I appreciated your other observations, unfortunately, you managed to negate my interest in all of them by polluting your post.
I'm sorry, but the victim society's reverse bigotry is starting to become sickening. Don't like the status quo? Cool, do something to change it, but whining about it won't help.
I, as a typical male, was paying "especial attention" to the women in this film, and failed to notice the shortage of females. You were looking for it, denying it is pointless.

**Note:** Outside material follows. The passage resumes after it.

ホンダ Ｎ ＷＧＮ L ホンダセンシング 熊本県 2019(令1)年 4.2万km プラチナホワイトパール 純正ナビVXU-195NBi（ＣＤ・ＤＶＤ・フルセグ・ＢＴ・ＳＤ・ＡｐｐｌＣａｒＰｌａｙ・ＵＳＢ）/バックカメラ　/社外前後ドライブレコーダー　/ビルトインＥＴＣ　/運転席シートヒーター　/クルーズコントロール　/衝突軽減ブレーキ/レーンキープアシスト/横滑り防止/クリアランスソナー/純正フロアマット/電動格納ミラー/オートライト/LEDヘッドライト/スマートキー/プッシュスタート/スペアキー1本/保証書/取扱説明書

wow, this is just comical now. you're refusing to acknowledge a basic issue, proven many times by many sources, and getting your panties in a bunch over it. seriously? no one is playing the victim. I made the observation that this film went even more overboard than is usual in the industry regarding the male-to-female ratio, even though there was no reason to do so. and since the film had the opportunity to show a different, more evolved digital age than the original in the 80s, that's disappointing and kinda lazy.
again... discussing the movie: interesting. attempting to spark a debate of a basic proven fact: boring.
for the record, it was the GUYS in my group who pointed out the movie was a sausage fest, unprompted by the women. so there goes your handy assumption. *eye roll* when we all reflected on that point we realized that we had a hard time even filling one hand with the number of female characters, yet there were literally hundreds of male characters. the most I could come up with was 6, and I had to struggle for that.
back to the film itself, you know, the point of the thread....
Anyway, Tron did turn blue in the water as well.
So there wasn't utter destruction at the end, still an ocean and shore.
that was what I noticed too. It didn't seem that the entire world was destroyed, perhaps just the port. but even that may not have happened. big blasty white light could mean anything since the tech was so vague.
a funny thing I forgot to mention before... one of my friends pointed out that Castor/Zuse was the most fun to watch because so many of the other characters were kinda bland and robotic. He was one of the very few who was allowed to really have a personality and exhibit the signs of a program gone "wrong," instead of just being steely cool guy. I really enjoyed the time he was onscreen, I wish there had been more.
Oh, and we all agreed that the black guy with the scarred face in the club was way cool looking and died too soon. hee.